Studies in nonlinear optics and functional magnetic resonance imaging

There are two parts in this thesis. The first part will involve a study in the anomalous dispersion phase matched second-harmonic generation, and the second part will be a study in functional magnetic resonance imaging (fMRI) and a biophysical model of the human muscle.;In part I, we report on a series of tricyanovinylaniline chromophores for use as dopants in poled poly(methyl methacrylate) waveguides for anomalous-dispersion phase-matched second-harmonic generation. Second-harmonic generation measurements as a function of mode index confirmed anomalous dispersion phase-matching efficiencies as large as 245%/Wcm2 over a propagation length of ∼35 mum. The waveguide coupling technique limited the interaction length.
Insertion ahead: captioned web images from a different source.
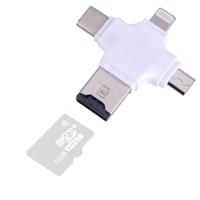 4 in 1 USB-C / Type-C & USB 2.0 & Micro USB & 8 Pin TF Kaartlezer voor MacBook, PC, Laptop, Smartphone met OTG functie, ondersteunt FAT32 & exFAT Wit - thumbnail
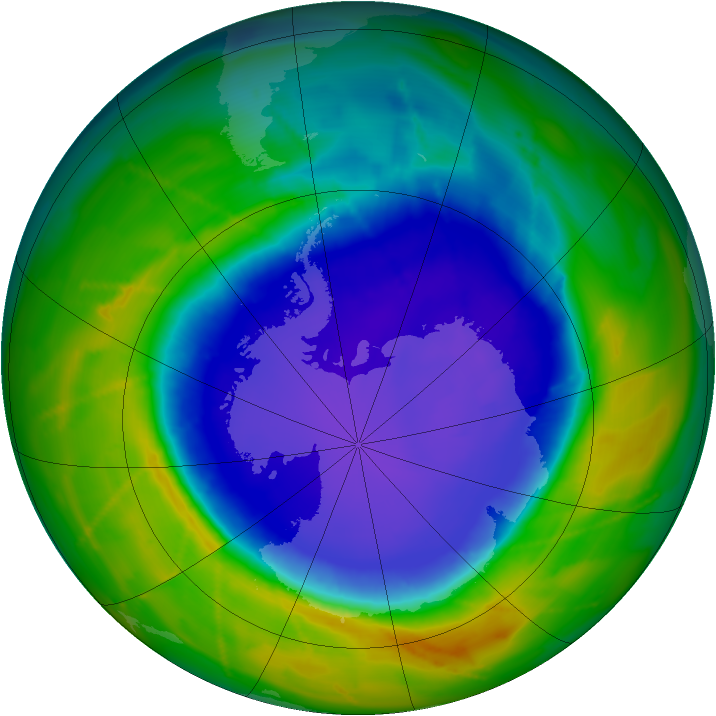 Antarctic ozone map for 12 October 2010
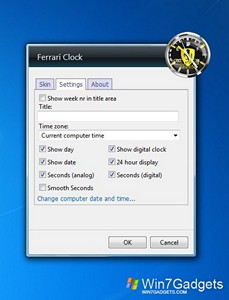Ferrari Clock gadget setup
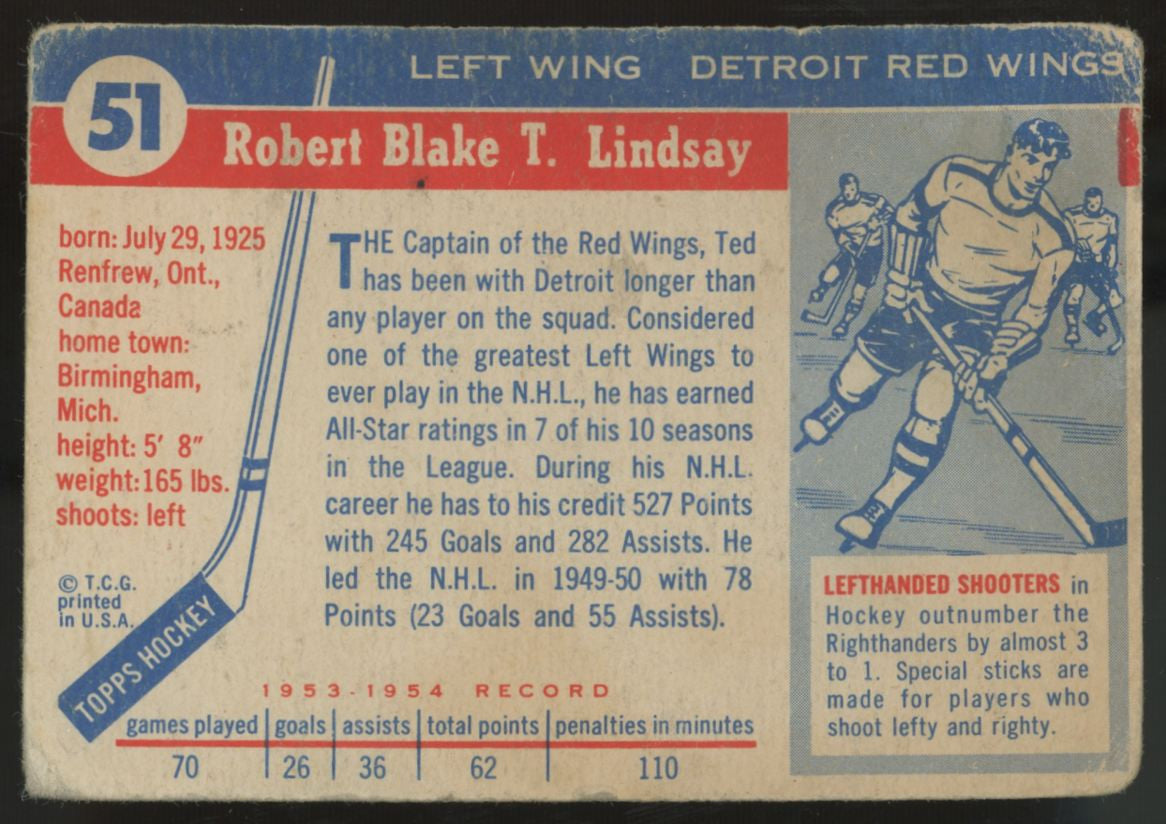 1954-55 Topps Ted Lindsay #51 Poor
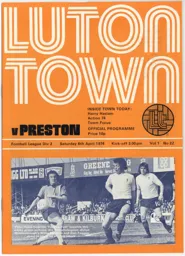 Programme: Luton Town FC vs Preston North End (6th Apr 1974)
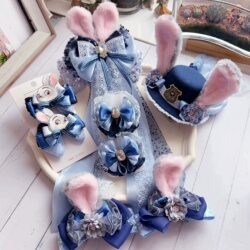 Zootopia Amusement Park Outing Children's Hairpin Gauze Style Bunny Police Officer Hat Cartoon Bunny Ears Headwear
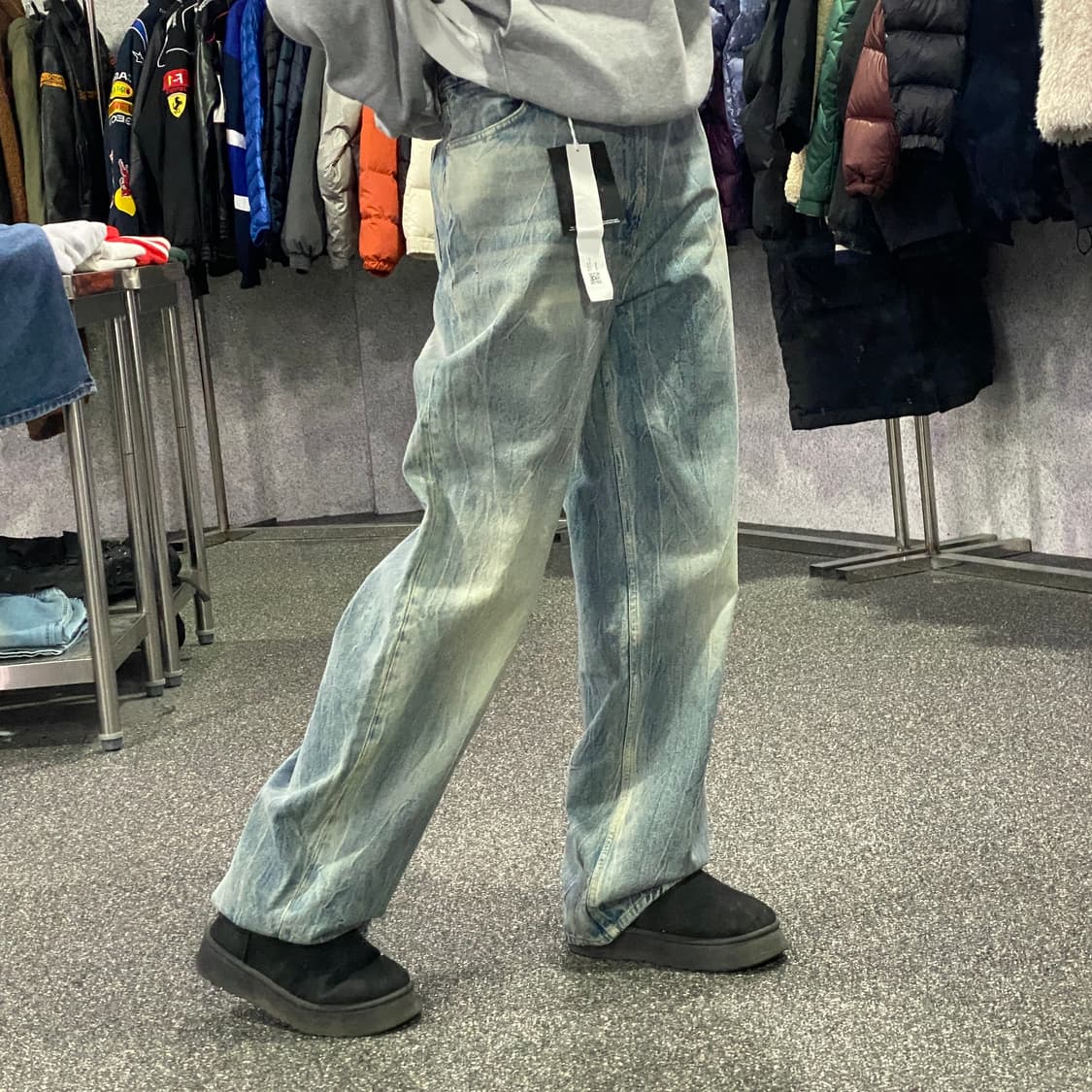 모드나인 백 패치 블루레인 와이드 데님 팬츠 B3608  상품이미지2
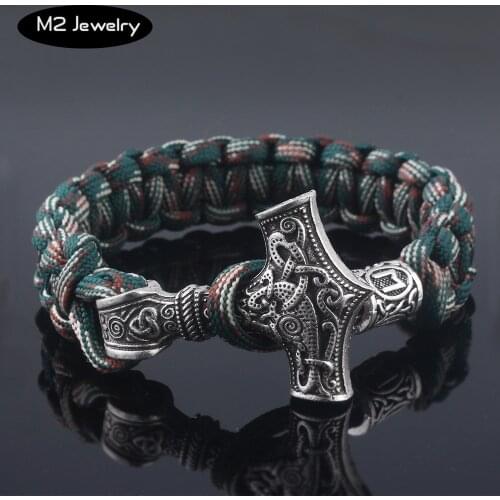 Norse Viking Hammer Mjolnir Bracelet For Men Amuletceltic Rune Knot Amulet Scandinavian Bracelet Braided Rope Chain Bangle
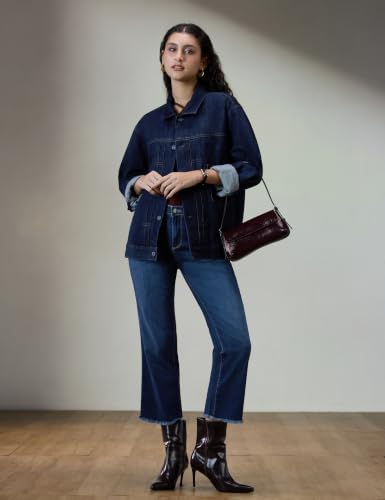 Image of KRAUS JEANS Women's Flared Fit Mid-Rise Crop Length Jeans (WFA-1257)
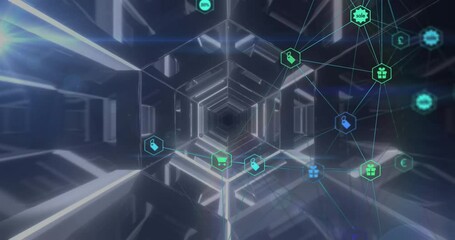 Poster - Animation of network of connections with icons over neon tunnel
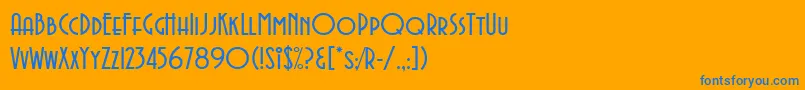 AvenidaLetPlain.1.0 Font – Blue Fonts on Orange Background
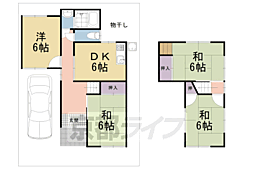 JR山陰本線 嵯峨嵐山駅 徒歩13分の賃貸一戸建て 4DKの間取り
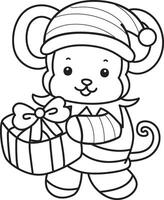 Outline of dwarf monkey bring a gift box. Coloring pages of cute monkey. vector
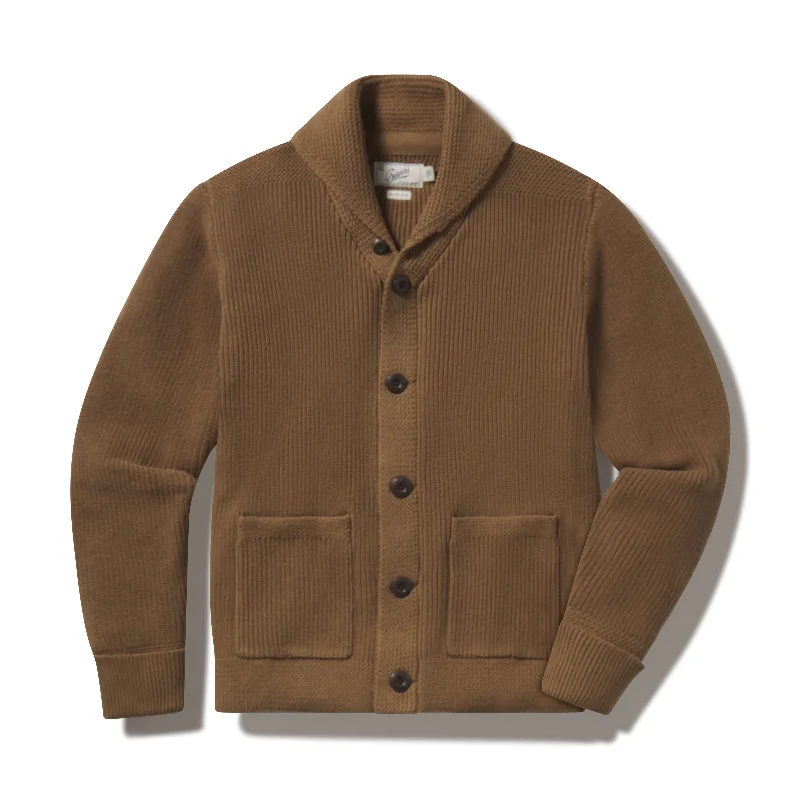 Year-End Sale Shaker Stitch Cotton Shawl Cardigan Sweater - Covert Green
The photostability of the chromophores was measured directly and found to agree qualitatively with second-harmonic measurements over time and was found to be improved over previously reported materials.;In part II, we designed a system that could record joint force and surface electromyography (EMG) simultaneously with fMRI data. I-Egh quality force and EMG data were obtained at the same time that excellent fMRI brain images were achieved. Using this system we determined the relationship between the fMRI-measured brain activation and the handgrip force, and between the fMRI-measured brain activation and the EMG of finger flexor muscles. We found that in the whole brain and in the majority of motor function-related cortical fields, the degree of muscle activation is directly proportional to the amplitude of the brain signal determined by the fMRI measurement. The similarity in the relationship between muscle output and fMRI signal in a number of brain areas suggests that multiple cortical fields are involved in controlling muscle force. The factors that may contribute to the fMRI signals are discussed.;A biophysical twitch force model was developed to predict force response under electrical stimulation. Comparison between experimental and modeled force profiles, peak forces, and force duration shows excellent agreement between the model and the experimental data. It is concluded that the present model allows us to reproduce the main features of muscle activation under stimulation.